Wie denkt dat alle Zeeuwse mosselen uit Zeeland komen vergist zich. Jaarlijks wordt dertig tot vijftig miljoen kilo aangevoerd uit het buitenland en in het Zeeuwse water gestort, voordat het de markt op gaat. Biologen maken zich zorgen: wat doet dat met het onderwatermilieu?
Verbod afdwingen
De Raad van State heeft de Stichting Faunabescherming in het ongelijk gesteld om een verbod af te dwingen op het uitzaaien van buitenlandse jonge mossels in de Oosterschelde.
Vergunningen
De Staatsraad is van mening dat de overheid terecht vergunningen heeft verleend aan de Vereniging van Importeurs van Schelpdieren, waarin Zeeuwse mosselbedrijven zijn verenigd. De import-mosselen zijn afkomstig uit Denemarken, The Wash (een estuarium aan de oostkant van Engeland), Zweden, Ierland en het Verenigd Koninkrijk. Twee van de ‘natuurvergunningen’ zijn verleend tot en met 31 december 2013, de andere twee gelden tot en met 30 april 2014.
Uitzaaien
In de praktijk mogen mosselen uitsluitend worden uitgezaaid in de Oosterschelde, nadat er uitgebreide onderzoeksprotocollen in de gebieden van herkomst zijn uitgevoerd. Bovendien heeft de overheid voor de kweekpercelen in de Oosterschelde maatregelen genomen, om te verhinderen dat exotische dieren- en plantensoorten het natuurgebied aantasten.
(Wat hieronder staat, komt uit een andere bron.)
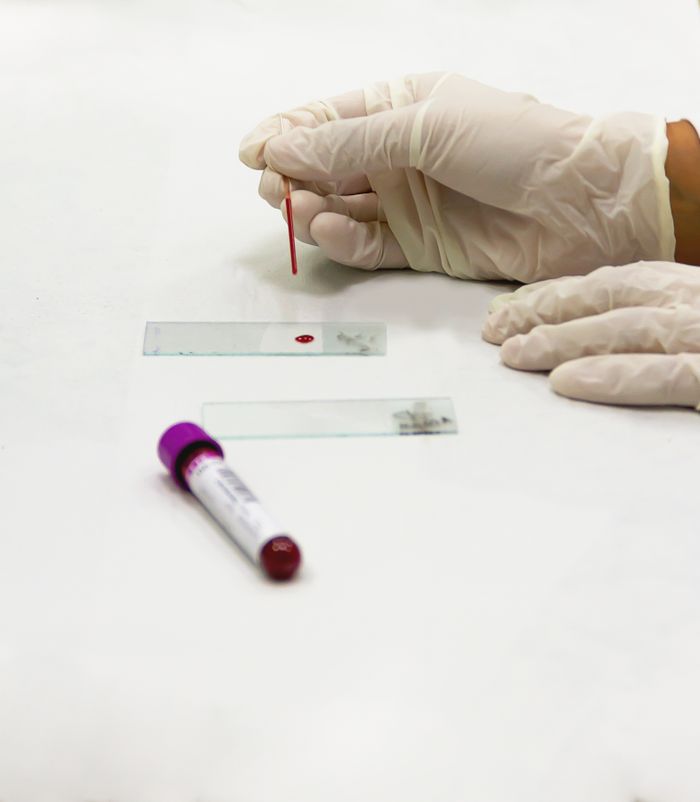 A lab technician in gloves preparing a blood sample with a microscope slide in a laboratory setting.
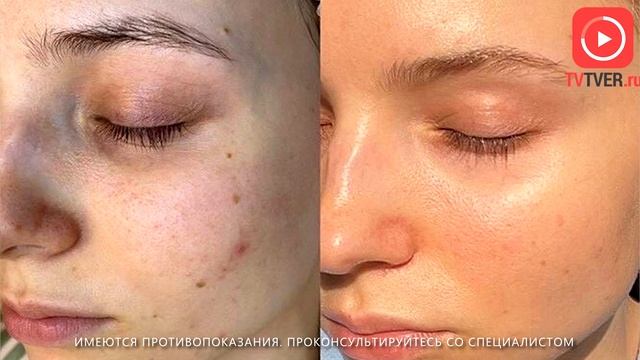 В Cicada Сlinic назвали любимую процедуру 2022 года и представили хит аппаратной косметологии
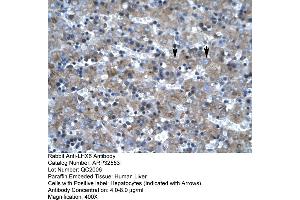 Rabbit Anti-LHX6 Antibody     Paraffin Embedded Tissue: Human Liver  Cellular Data: Hepatocytes  Antibody Concentration: 4. (LHX6 抗体  (C-Term))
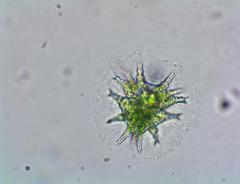 Staurastrum furcigerum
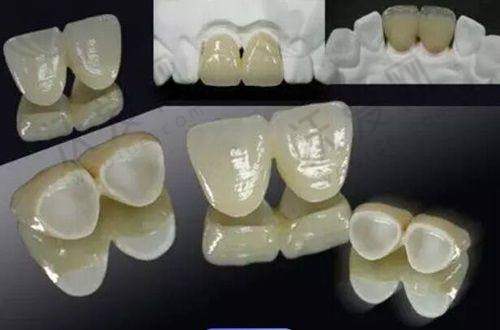 泰康拜博口腔技术怎么样？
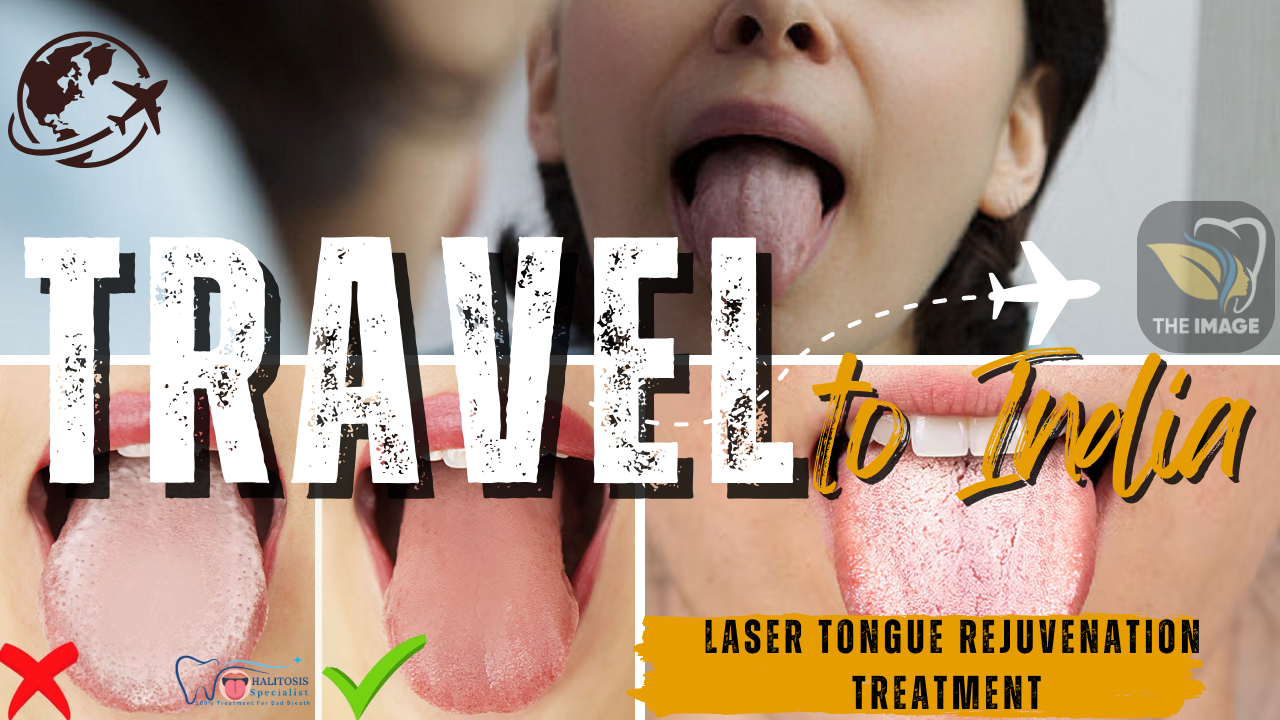 laser tongue rejuvenation 2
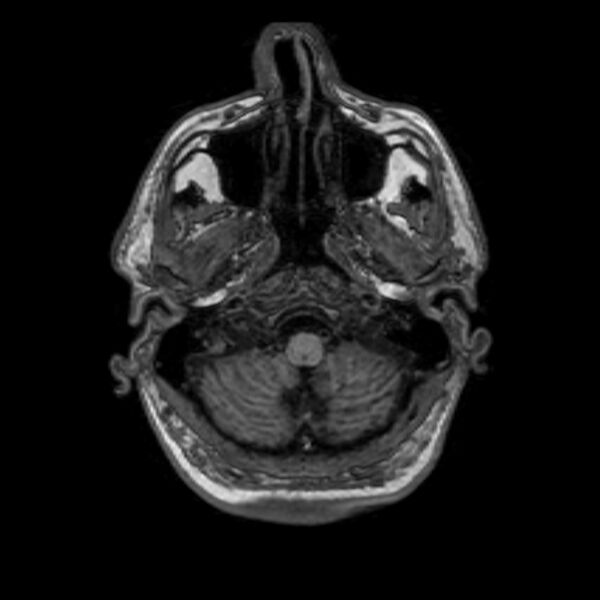 File:Brain abscess complicated by intraventricular rupture and ventriculitis (Radiopaedia 82434-96577 Axial T1 4).jpg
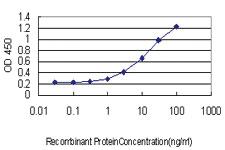 Anti-ABCF2 Mouse Monoclonal Antibody [clone: 1D11]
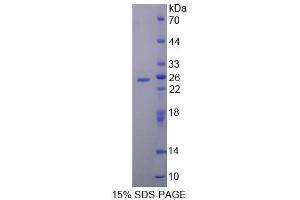 SDS-PAGE (SDS) image for Peroxiredoxin 4 (PRDX4) (AA 14-258) protein (His tag) (ABIN2121842) (Peroxiredoxin 4 Protein (PRDX4) (AA 14-258) (His tag))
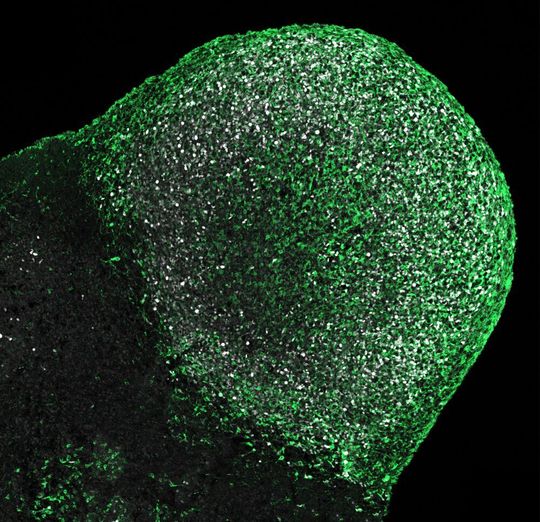 Tumor auf einem von einem Tuberöse-Sklerose (TSC)-Patienten stammenden Hirnorganoid Tumor auf einem von einem Tuberöse-Sklerose (TSC)-Patienten stammenden Hirnorganoid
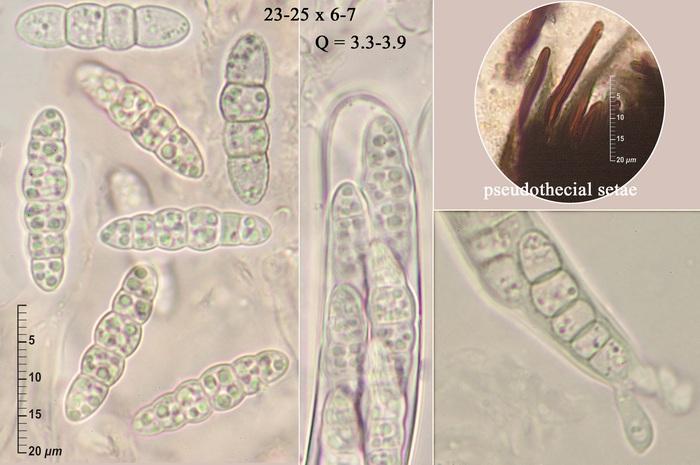 macrostoma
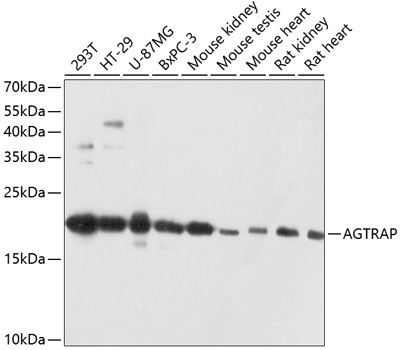 Western blot analysis of extracts of various cell lines using AGTRAP Polyclonal Antibody at dilution of 1:3000.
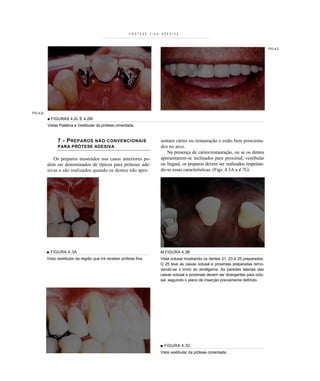 P R Ó T E S E   F I X A   A D E S I V A



                                                                                                                                                  FIG 4.2




FIG 4.2L
           ■ FIGURAS 4.2L E 4.2M
           Vistas Palatina e Vestibular da prótese cimentada.


                 7 - P REPAROSNÃO CONVENCIONAIS                                     sentam cáries ou restauração e estão bem posiciona-
                 PARA PRÓTESE ADESIVA                                               dos no arco.
                                                                                       Na presença de cáries/restauração, ou se os dentes
              Os preparos mostrados nos casos anteriores po-                        apresentarem-se inclinados para proximal, vestibular
           dem ser denominados de típicos para próteses ade-                        ou lingual, os preparos devem ser realizados respeitan-
           sivas e são realizados quando os dentes não apre-                        do-se essas características. (Figs. 4.3A a 4.7G)




           ■ FIGURA 4.3A                                                            M FIGURA 4.3B
           Vista vestibular da região que irá receber prótese fixa.                 Vista oclusal mostrando os dentes 21, 23 e 25 preparados.
                                                                                    O 25 teve as caixas oclusal e proximais preparadas remo-
                                                                                    vendo-se ± Imnn do amálgama. As paredes laterais das
                                                                                    caixas oclusal e proximais devem ser divergentes para oclu-
                                                                                    sal, seguindo o plano de inserção previamente definido.




                                                                                    ■ FIGURA 4.3C
                                                                                    Vista vestibular da prótese cimentada.
 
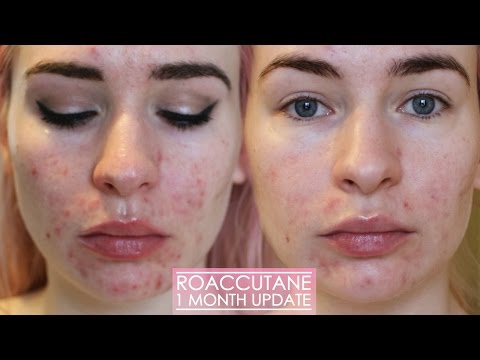Accutane 30mg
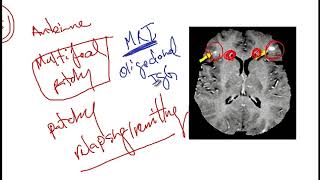 Video 217 Overview of Demyelinating Disorders Clinical Features Diagnostics and Risk Factors [upl. by Kirstin]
De Faunabescherming vreest dat met het buitenlandse broedmateriaal nieuwe dieren- en plantensoorten in de Oosterschelde terechtkomen, en daar ziektes veroorzaken of bestaande flora en fauna verdringen.
Import
De Nederlandse mosselverwerkers hebben vergunning aangevraagd en gekregen voor het importeren van mosselen uit Ierland, Engeland, Zweden en Denemarken. Jaarlijks is er ongeveer 80 miljoen kilo mosselen nodig om aan de vraag te kunnen voldoen. Om meer aan deze buitenlandse schelpdieren te kunnen verdienen, hebben de mosselverwerkers vergunning gevraagd om de geïmporteerde dieren tijdelijk los te laten in het natuurgebied de Oosterschelde. Hierdoor kunnen ze als Zeeuwse mossel verkocht worden, die duurder zijn dan buitenlandse mosselen.